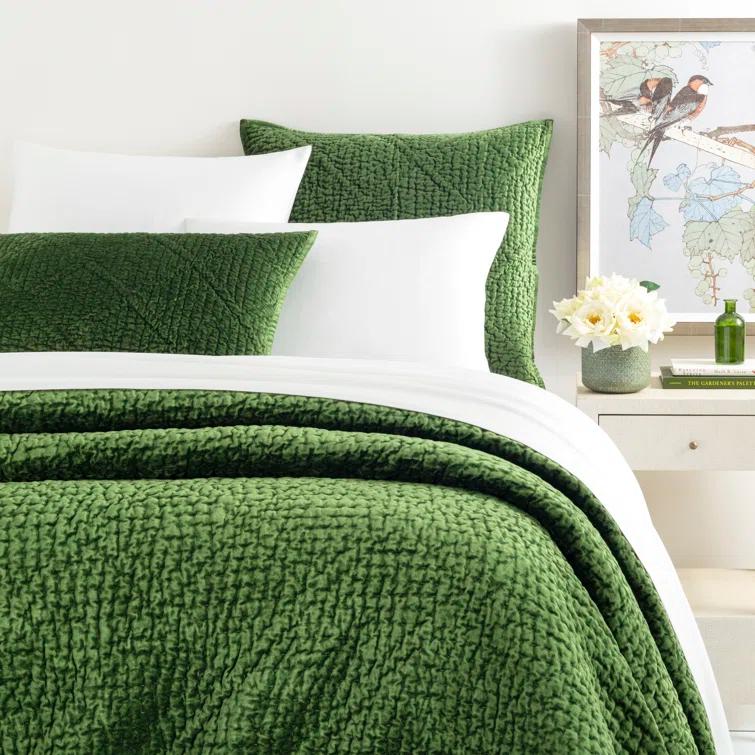Pine Cone Hill Parisienne Velvet Evergreen Quilted Sham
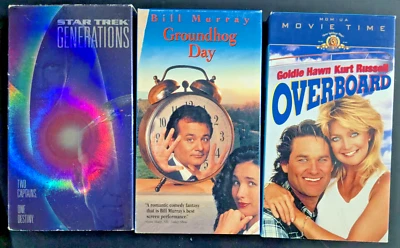 90s vhs lot: Star Trek Generations, Groundhog Day, and Overboard, Used- Tested - Imagem 1 de 3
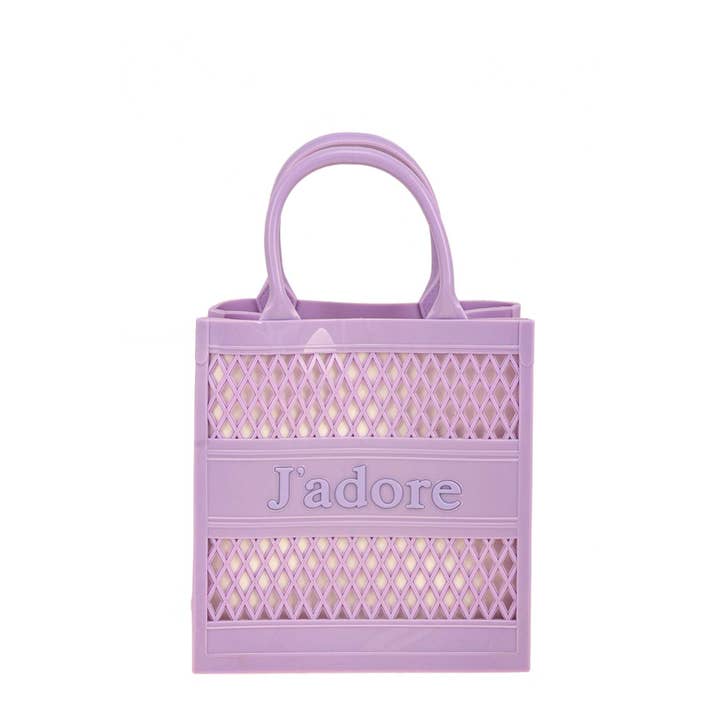 Pink Irene Wholesale - Wholesale Top Handle Bag - Women's - JADORE Mesh Style Top Handle Jelly Bag8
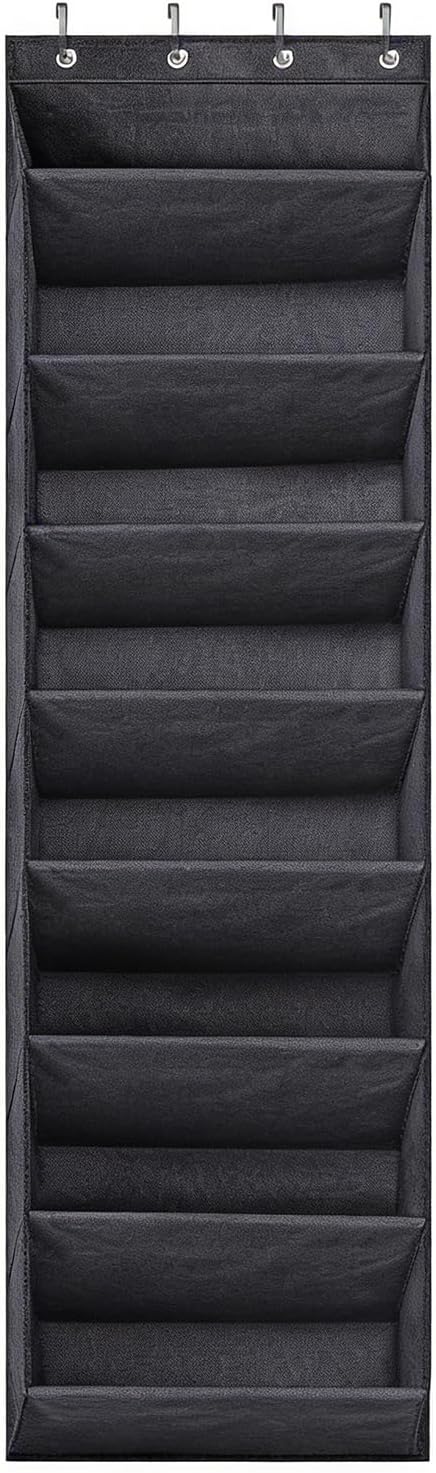 Over the Door Shoe Rack | 8 Tiers Storage Holder,Shoe Organizer for Closet with Large Deep Pockets | for Closet Wall Door Bedroom Dorm RV Boot Sock Headphone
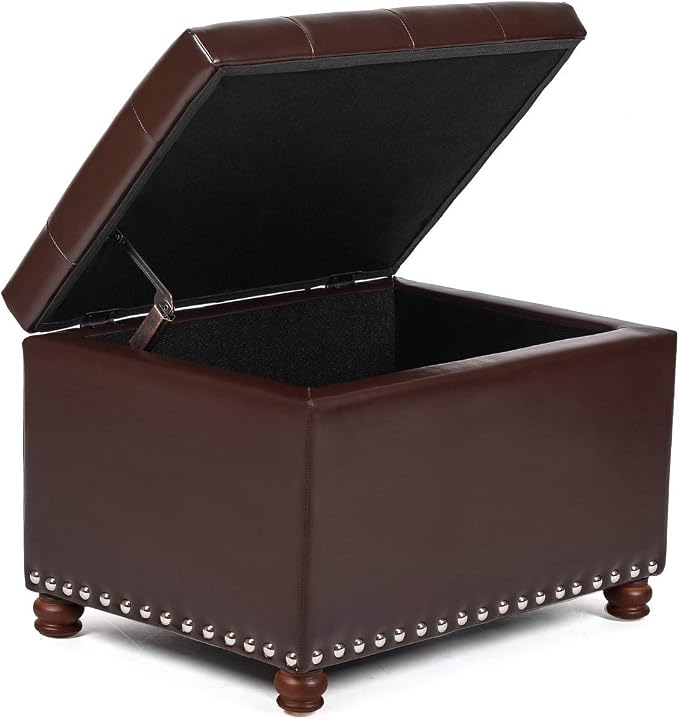 Leather Storage Ottoman Bench Foot Rest Stool - Image 4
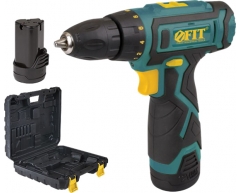 Дрель-шуруповерт аккумуляторная FIT 80182, 20 max, 8 max, Li-Ion Тип аккумулятора, 12 Напряжение аккумулятора, 1.3 Емкость аккумулятора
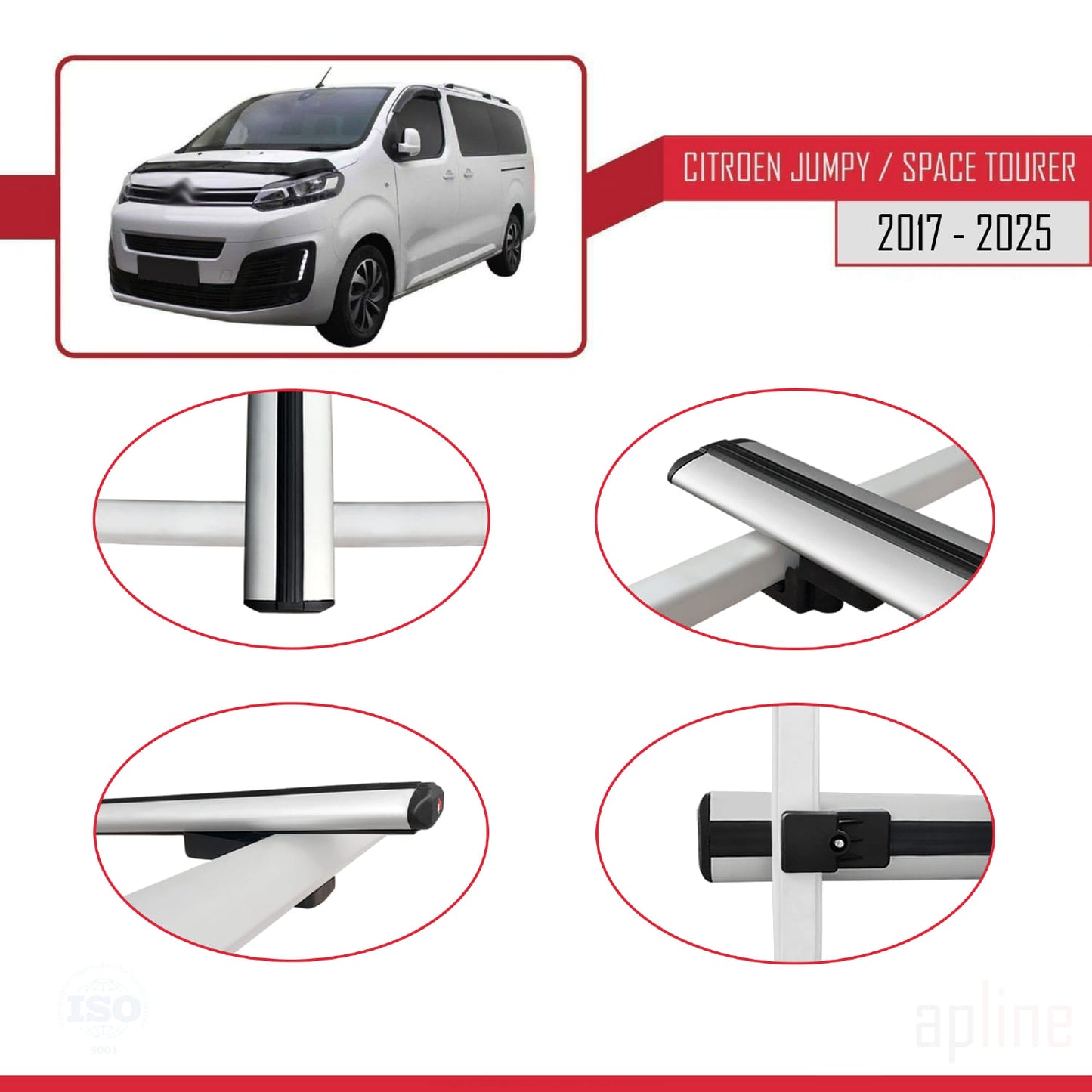 Compatible avec Citroen Jumpy 3 (K0) Space Tourer 2017-2025 BASIC Model Barres de Toit Railing Porte-Bagages de Voiture Gris Aluminium 3 Barres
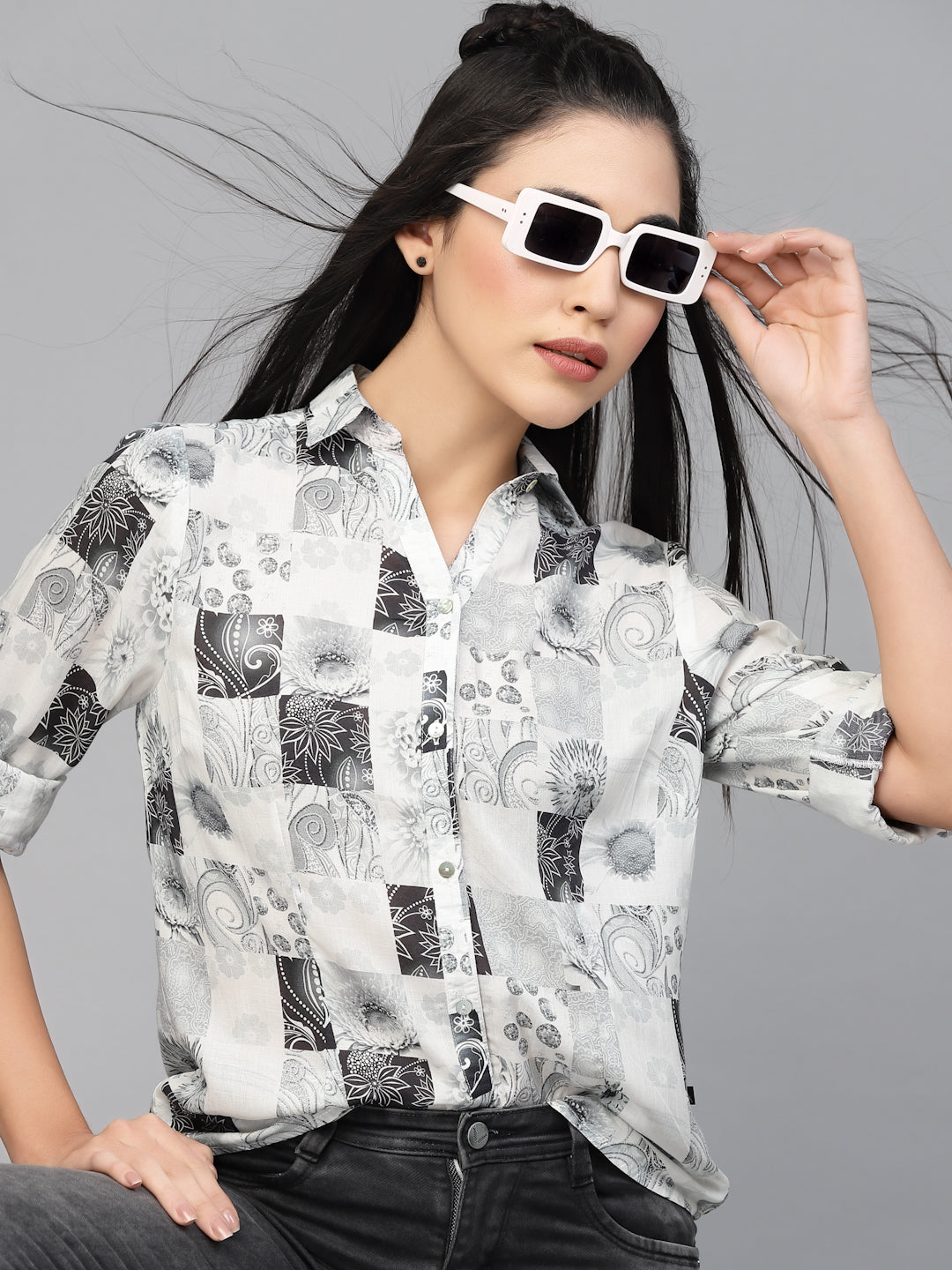 Valbone Women’s White & Black Rayon Modal Silk Floral Printed Shirt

EXERCISE DIRECTIONS: Give the lines from the one containing "Leather Storage Ottoman" through the last line of the material again, exactly and with no pictures, both ends included.

ANSWER:
 Leather Storage Ottoman Bench Foot Rest Stool - Image 4
 Дрель-шуруповерт аккумуляторная FIT 80182, 20 max, 8 max, Li-Ion Тип аккумулятора, 12 Напряжение аккумулятора, 1.3 Емкость аккумулятора
 Compatible avec Citroen Jumpy 3 (K0) Space Tourer 2017-2025 BASIC Model Barres de Toit Railing Porte-Bagages de Voiture Gris Aluminium 3 Barres
 Valbone Women’s White & Black Rayon Modal Silk Floral Printed Shirt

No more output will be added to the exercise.